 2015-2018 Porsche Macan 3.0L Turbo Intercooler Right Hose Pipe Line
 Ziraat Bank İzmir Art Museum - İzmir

---

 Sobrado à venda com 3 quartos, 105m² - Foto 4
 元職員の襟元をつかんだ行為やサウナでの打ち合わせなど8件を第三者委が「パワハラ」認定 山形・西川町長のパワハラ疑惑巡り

==

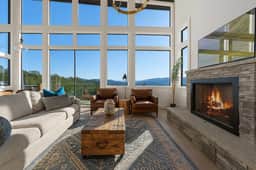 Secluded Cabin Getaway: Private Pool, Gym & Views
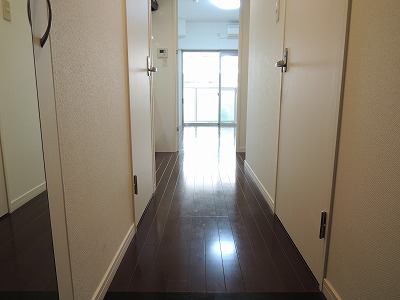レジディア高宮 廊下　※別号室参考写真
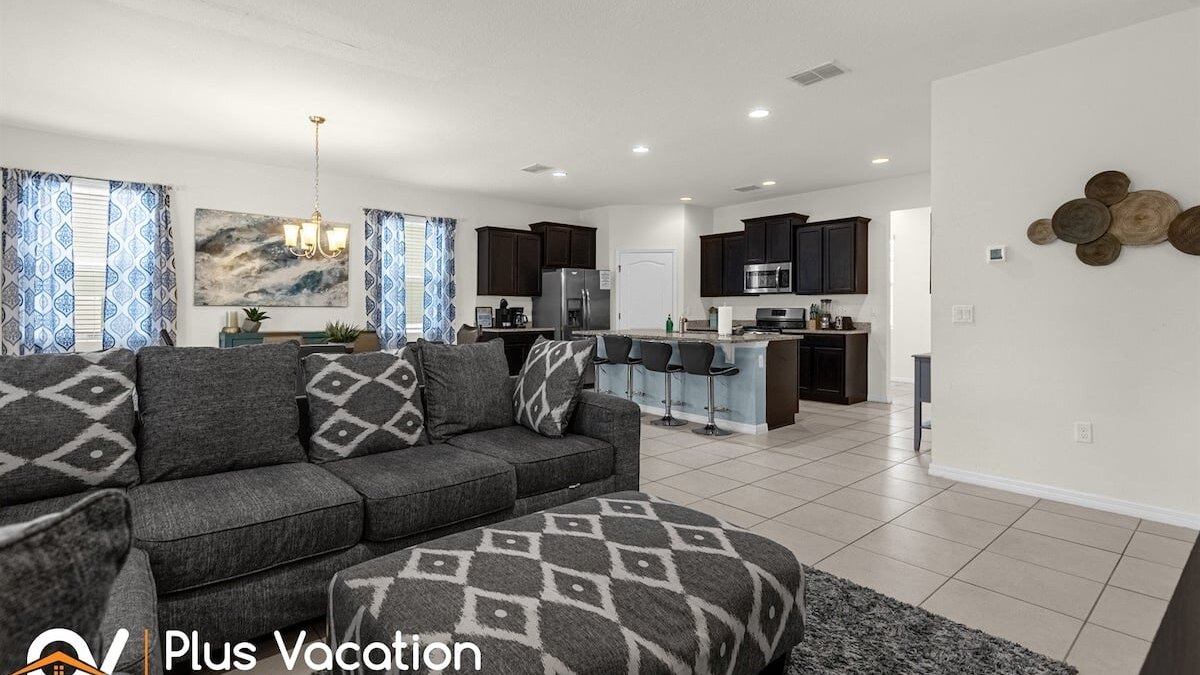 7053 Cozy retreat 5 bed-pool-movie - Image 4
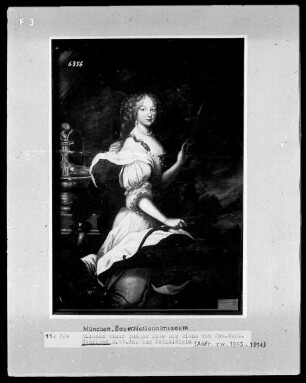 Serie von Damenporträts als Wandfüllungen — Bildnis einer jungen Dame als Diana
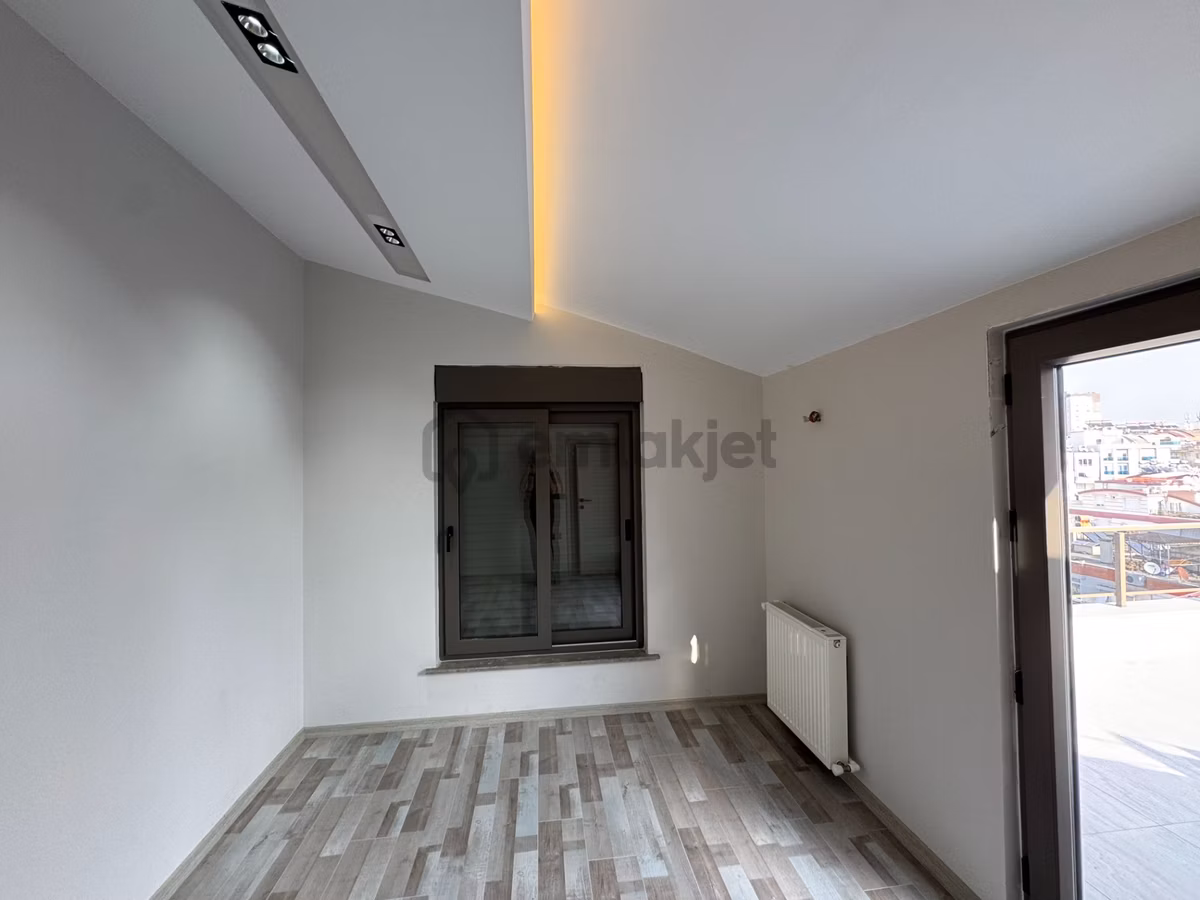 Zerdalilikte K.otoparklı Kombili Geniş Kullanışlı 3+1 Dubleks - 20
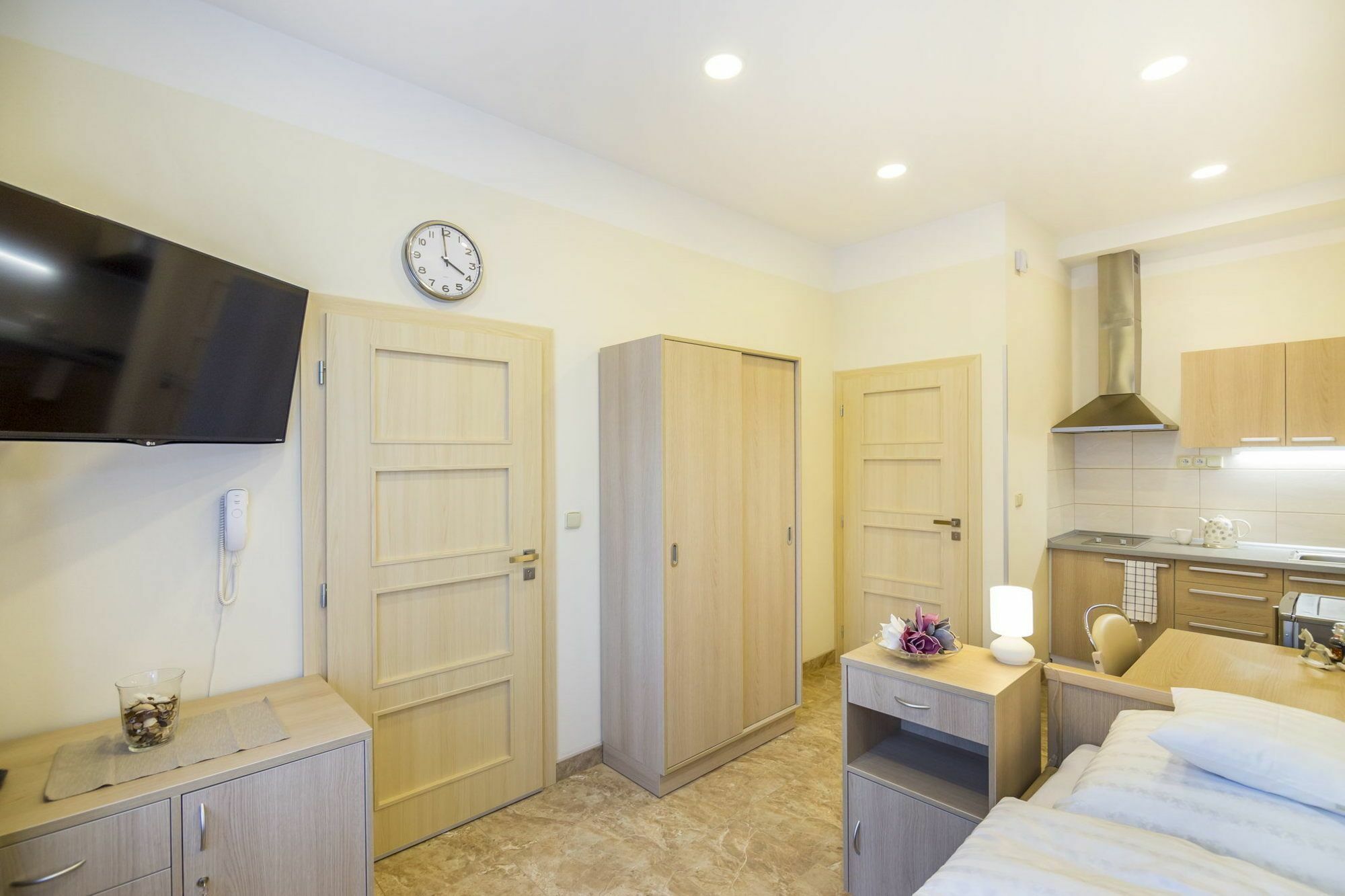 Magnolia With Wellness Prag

* [What you have to do]:
From the entries above, extract only the lines running from the one containing "2015-2018 Porsche Macan" through the one containing "Ziraat Bank İzmir Art Museum - İzmir", inclusive.

* [Problem solution]:
 2015-2018 Porsche Macan 3.0L Turbo Intercooler Right Hose Pipe Line
 Ziraat Bank İzmir Art Museum - İzmir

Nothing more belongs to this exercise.